### Activity:
Go over the data below line by line, and state how many lines contain the string "Jordan". Give the number only.

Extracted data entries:
• • • • •

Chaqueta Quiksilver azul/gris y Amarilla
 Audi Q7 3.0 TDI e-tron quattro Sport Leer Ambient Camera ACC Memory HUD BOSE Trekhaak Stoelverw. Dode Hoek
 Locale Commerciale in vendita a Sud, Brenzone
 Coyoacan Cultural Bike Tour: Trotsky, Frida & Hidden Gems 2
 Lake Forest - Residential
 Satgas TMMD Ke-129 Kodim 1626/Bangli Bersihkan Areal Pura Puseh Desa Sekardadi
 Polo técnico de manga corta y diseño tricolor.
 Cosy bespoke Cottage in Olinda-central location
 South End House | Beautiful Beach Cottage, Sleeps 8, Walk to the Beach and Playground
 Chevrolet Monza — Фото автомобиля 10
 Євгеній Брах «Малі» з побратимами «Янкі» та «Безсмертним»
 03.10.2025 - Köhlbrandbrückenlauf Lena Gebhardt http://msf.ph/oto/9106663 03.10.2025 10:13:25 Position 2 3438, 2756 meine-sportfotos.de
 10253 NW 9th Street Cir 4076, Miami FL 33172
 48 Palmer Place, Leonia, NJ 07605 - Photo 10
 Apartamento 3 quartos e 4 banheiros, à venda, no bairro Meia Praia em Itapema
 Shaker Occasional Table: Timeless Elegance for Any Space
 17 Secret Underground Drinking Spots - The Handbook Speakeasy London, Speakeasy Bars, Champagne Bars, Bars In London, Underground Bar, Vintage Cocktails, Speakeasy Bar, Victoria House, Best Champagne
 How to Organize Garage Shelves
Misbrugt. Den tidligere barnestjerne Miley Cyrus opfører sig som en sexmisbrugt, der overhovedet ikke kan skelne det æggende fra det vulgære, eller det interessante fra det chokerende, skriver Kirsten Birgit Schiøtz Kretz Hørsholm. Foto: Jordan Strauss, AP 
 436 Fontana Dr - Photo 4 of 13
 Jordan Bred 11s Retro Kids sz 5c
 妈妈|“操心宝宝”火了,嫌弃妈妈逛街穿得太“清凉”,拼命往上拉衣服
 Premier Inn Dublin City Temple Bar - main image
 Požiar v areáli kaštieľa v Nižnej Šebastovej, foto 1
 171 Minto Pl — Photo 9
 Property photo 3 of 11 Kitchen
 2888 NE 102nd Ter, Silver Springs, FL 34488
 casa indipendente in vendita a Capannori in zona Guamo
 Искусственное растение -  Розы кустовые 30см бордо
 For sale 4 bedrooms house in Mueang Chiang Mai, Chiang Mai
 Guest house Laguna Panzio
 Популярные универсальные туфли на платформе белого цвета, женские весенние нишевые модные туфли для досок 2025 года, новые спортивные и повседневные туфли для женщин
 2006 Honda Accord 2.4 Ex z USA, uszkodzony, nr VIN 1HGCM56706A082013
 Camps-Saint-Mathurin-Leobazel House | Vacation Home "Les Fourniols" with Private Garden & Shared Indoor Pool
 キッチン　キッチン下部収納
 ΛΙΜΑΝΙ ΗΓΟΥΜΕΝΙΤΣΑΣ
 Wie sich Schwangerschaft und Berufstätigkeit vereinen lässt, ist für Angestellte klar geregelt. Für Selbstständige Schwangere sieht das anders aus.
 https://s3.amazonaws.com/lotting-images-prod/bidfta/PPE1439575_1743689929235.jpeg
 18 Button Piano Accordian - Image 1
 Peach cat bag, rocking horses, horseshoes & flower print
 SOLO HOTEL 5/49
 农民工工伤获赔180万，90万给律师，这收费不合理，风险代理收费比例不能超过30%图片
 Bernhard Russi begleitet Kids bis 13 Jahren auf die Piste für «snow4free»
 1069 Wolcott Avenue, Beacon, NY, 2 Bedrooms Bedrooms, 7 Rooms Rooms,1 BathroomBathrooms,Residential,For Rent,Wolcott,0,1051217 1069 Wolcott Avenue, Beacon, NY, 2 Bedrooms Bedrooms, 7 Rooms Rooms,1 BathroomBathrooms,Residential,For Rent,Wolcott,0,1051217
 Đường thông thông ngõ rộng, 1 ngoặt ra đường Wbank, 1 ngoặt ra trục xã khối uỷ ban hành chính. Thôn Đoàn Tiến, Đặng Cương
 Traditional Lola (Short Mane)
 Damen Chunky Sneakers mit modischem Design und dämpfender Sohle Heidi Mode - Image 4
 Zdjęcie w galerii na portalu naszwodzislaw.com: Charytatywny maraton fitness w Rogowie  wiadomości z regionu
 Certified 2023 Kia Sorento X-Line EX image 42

• • • • •

### Response below:
2